Updated

Aruban police are reportedly looking into the possibility that the disappearance of Alabama teen Natalee Holloway could be linked to alcohol or drugs, according to a report Thursday by CBS.

Witnesses have come forward who say the then 18-year-old Holloway had drugs in her possession and was drinking heavily on May 30, the day she disappeared, Gerald Dompig, deputy chief of police for Aruba, told CBS television's "48 Hours Mystery" program, which released a partial transcript of the interview on Thursday.

"We feel strongly that she probably went into shock or something happened to her system with all the alcohol — maybe on top of that, other drugs, which either she took or they gave her — and that she ... just collapsed," he said in the interview, scheduled for broadcast on Saturday.

A cover-up may have ensued after the death, he said. Dompig specified that witnesses did not see Holloway taking drugs, only that she had them in her possession.

"After 10 months of investigation, including hearing many witnesses, we have strong indications that Natalee has died," Dompig told The Associated Press.

Dompig said she could have either died in a nonviolent manner, by her going into shock or that she collapsed due to her body's reaction to effects from alcohol or drugs, or she was killed.

Holloway was last seen leaving a bar with Dutch national Joran van der Sloot and Surinamese brothers Deepak and Satish Kalpoe.

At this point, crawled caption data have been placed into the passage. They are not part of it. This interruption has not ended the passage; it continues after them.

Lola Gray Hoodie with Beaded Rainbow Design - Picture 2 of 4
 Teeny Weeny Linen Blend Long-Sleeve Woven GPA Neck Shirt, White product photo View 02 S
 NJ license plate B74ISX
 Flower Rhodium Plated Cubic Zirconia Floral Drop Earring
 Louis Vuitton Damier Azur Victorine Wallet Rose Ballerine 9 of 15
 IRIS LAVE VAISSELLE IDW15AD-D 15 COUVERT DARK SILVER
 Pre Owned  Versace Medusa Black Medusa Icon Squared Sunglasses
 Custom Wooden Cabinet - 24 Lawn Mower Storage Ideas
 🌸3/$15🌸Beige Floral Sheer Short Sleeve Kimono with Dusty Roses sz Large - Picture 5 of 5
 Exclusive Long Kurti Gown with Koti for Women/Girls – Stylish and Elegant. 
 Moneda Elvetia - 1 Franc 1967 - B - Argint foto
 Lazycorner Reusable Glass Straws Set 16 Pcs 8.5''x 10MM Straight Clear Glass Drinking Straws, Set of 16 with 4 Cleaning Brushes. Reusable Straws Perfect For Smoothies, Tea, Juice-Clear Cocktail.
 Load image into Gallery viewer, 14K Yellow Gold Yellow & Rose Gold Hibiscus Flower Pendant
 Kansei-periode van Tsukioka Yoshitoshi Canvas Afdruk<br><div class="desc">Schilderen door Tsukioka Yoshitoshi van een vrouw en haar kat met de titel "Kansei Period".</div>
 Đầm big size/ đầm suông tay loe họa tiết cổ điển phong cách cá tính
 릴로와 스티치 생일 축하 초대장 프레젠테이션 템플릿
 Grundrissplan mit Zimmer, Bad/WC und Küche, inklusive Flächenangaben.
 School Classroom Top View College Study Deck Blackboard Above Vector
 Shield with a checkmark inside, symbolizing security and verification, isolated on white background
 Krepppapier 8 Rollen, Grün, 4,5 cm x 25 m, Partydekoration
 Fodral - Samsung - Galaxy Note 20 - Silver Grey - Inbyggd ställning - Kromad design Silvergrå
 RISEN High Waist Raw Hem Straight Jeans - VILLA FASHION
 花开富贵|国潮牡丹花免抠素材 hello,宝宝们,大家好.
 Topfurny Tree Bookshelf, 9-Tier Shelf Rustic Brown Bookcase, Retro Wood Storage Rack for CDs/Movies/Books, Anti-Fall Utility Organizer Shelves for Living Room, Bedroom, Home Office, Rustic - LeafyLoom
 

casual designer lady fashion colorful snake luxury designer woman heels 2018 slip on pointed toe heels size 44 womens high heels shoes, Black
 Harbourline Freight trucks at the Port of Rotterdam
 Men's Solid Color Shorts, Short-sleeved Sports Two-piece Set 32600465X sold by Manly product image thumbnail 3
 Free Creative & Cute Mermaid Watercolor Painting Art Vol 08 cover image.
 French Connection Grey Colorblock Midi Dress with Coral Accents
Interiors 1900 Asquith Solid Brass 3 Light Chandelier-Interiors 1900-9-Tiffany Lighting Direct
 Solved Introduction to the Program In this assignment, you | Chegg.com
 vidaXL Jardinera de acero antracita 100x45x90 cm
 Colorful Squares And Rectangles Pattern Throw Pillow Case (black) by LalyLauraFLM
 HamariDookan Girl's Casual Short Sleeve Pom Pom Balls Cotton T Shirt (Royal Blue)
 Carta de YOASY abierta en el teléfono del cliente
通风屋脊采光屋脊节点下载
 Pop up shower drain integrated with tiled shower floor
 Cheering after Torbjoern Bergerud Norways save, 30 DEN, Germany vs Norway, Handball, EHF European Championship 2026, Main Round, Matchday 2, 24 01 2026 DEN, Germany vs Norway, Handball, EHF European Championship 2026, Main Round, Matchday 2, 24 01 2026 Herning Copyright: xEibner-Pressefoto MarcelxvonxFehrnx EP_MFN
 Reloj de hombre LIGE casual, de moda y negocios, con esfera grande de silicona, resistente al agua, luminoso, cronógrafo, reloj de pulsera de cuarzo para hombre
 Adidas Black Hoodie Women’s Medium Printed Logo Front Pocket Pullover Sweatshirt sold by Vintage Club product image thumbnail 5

No one has been charged in her disappearance — though Dompig told AP that the three remain suspects — and the investigation has produced a number of false leads.

Dompig said searches for her body in sand dunes along the island's northern tip, at a beach close to the Marriott Resort — where van der Sloot said he last left Holloway — and a salt pond near the hotel, were ongoing and will continue in the coming weeks.

"Our main priority is to find forensic evidence," he told AP, noting searches were based on tips.

Dompig told CBS investigators believe that someone took steps to carefully hide Holloway's body — perhaps burying her twice.

In January, investigators searched sand dunes in the same northern area with more than 50 officers.

Beth Twitty, Holloway's mother, could not be immediately reached Thursday for comment.